Segment Open

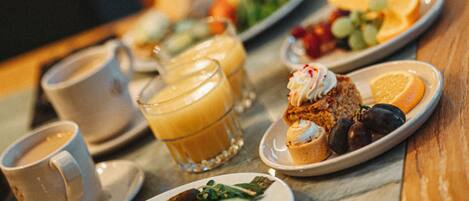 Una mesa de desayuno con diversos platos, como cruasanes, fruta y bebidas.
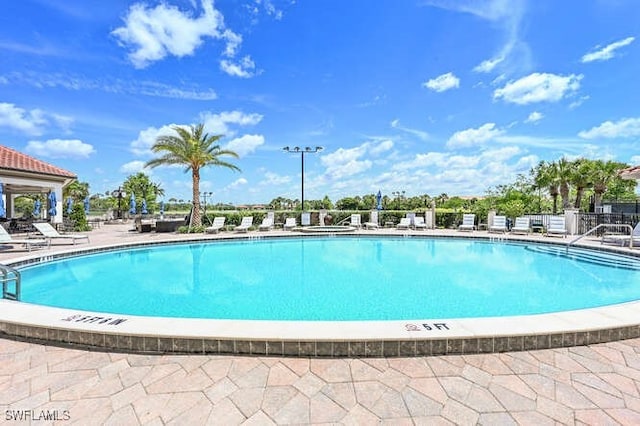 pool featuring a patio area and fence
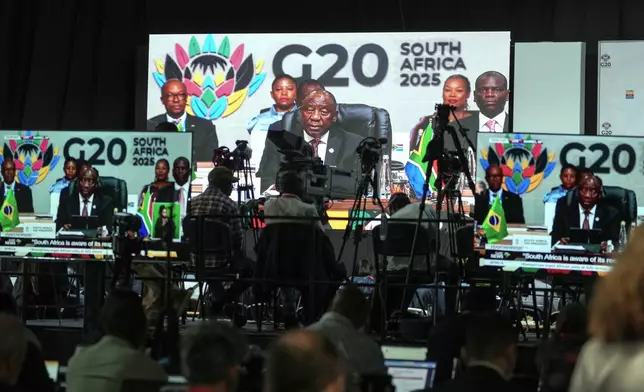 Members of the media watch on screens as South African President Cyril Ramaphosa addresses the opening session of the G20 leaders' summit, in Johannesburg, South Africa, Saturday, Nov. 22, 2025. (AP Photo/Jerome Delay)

Segment Closed

- WORK INSTRUCTION
Each line of the data above is to be output exactly; the pictures are not to appear.

- TASK ANSWER
 Una mesa de desayuno con diversos platos, como cruasanes, fruta y bebidas.
 pool featuring a patio area and fence
 Members of the media watch on screens as South African President Cyril Ramaphosa addresses the opening session of the G20 leaders' summit, in Johannesburg, South Africa, Saturday, Nov. 22, 2025. (AP Photo/Jerome Delay)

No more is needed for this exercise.